Bei e Bce. Importante è l’enfasi di JCJ sulla Bei (Banca europea per gli investimenti) sia per la preparazione di progetti in collaborazione con la Commissione sia per il finanziamento di progetti sia per il partenariato pubblico-privato.
Ricordiamo che l’aumento di capitale della Bei di 10 miliardi eseguito agli inizi del 2013 ha già consentito di aumentare la sua capacità di prestiti di 60 miliardi nel triennio 2013-15 liberando così fino a 180 miliardi di euro in investimenti addizionali all’economia reale (dalle infrastrutture alle Pmi). Si è anche accentuata la sinergia tra Bei, Fei (fondo europeo per gli investimenti) e Casse Depositi e prestiti nazionali per valorizzare il ruolo capitale di rischio e per rilanciare le cartolarizzazioni. La nostra Cdp già collabora con la Bei e con le omologhe Casse di Germania, Francia e Spagna. Questa è una delle sue missioni primarie da potenziare.
Interessante è notare che JCJ nulla dice sul ruolo della politica monetaria e sulla Bce. A nostro avviso questo silenzio significa non solo rispetto per l’autonomia della Bce stessa ma anche convinzione implicita che stante la crisi prima e la deflazione (con un tasso ufficiale Bce allo 0,15%) senza un’azione diretta di stimolo agli investimenti, la crescita e l’occupazione non riprenderanno anche se questo non toglie meriti a Draghi
L’Eurozona rafforzata. Ciò non significa che JCJ sottovaluti il ruolo dell’euro proponendo infatti una riqualificazione e un rafforzamento dell’Eurozona. Pur confermando la necessità di rispettare il patto di stabilità e di crescita JCJ sottolinea che le sue flessibilità vanno usate, che andranno riesaminati il “six e il two pack”, che altre riforme strutturali potranno essere sostenute da incentivi finanziari, che andranno riequilibrate sul piano sociale e di equità le politiche di stabilizzazione stile “troika”. Infine si prefigura una capacità di bilancio autonoma della Uem e anche di una rappresentanza esterna.

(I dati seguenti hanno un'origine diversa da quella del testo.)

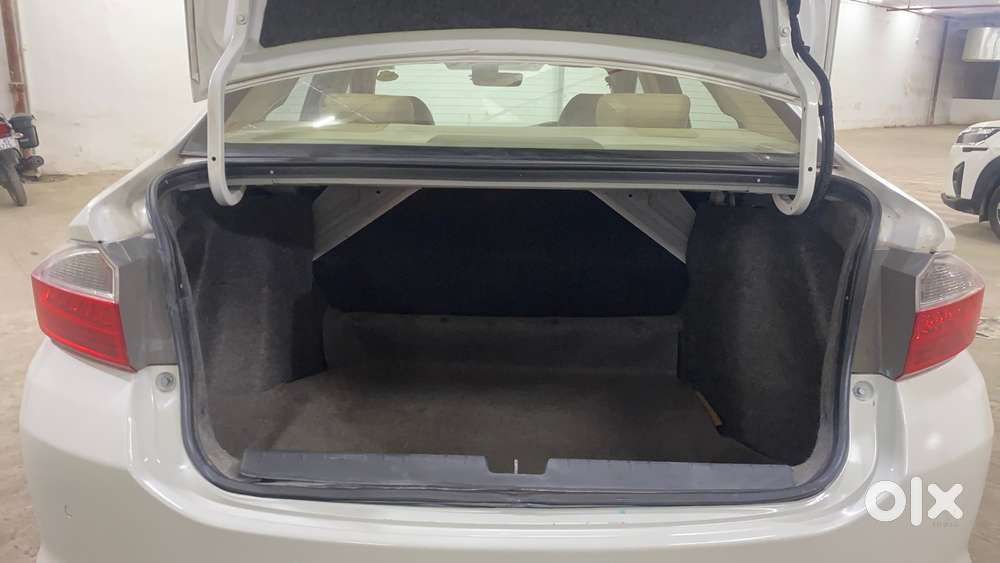 Honda City I-vtec Zx, 2019, Petrol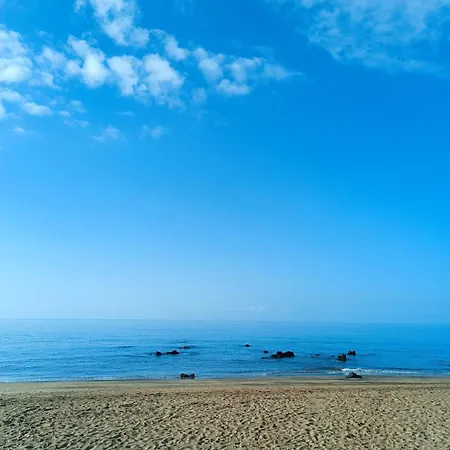 Apartamento A 2 Minutos De La Playa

JCJ prende come traccia il programma dei “quattro presidenti” unito ad una scelta politica netta. E cioè che nei prossimi 5 anni non ci saranno allargamenti ad altri Paesi in quanto vanno digeriti i 13 fatti negli ultimo 10 anni.
Una conclusione italiana. JCJ, che tratta anche di altri temi (importante per l’Italia è la presa di posizione sul carattere europeo del problema migrazioni) ed è chiaro nella valorizzazione del metodo comunitario espresso dalla Commissione e dal Parlamento. JCJ tratta poco del Consiglio Europeo sapendo che qui i Capi di stato o di governo non rinunceranno a far valere gli interessi nazionali sia pure nella propria ottica comunitaria. Si capisce perciò che il Presidente Renzi voglia tenere per sé, come fanno i suoi pari, questo ruolo apicale che riassorbe di norma anche quello per la politica estera. L’Italia e l’Eurozona devono però ricominciare a crescere e per questo noi abbiamo bisogno di un Commissario all’economia reale che sostenga con forza il programma di JCJ. Una personalità come Marco Buti sarebbe qui utilissima anche perché avrebbe la capacità di interloquire con il Commissario, che conta molto, agli affari economici e monetari.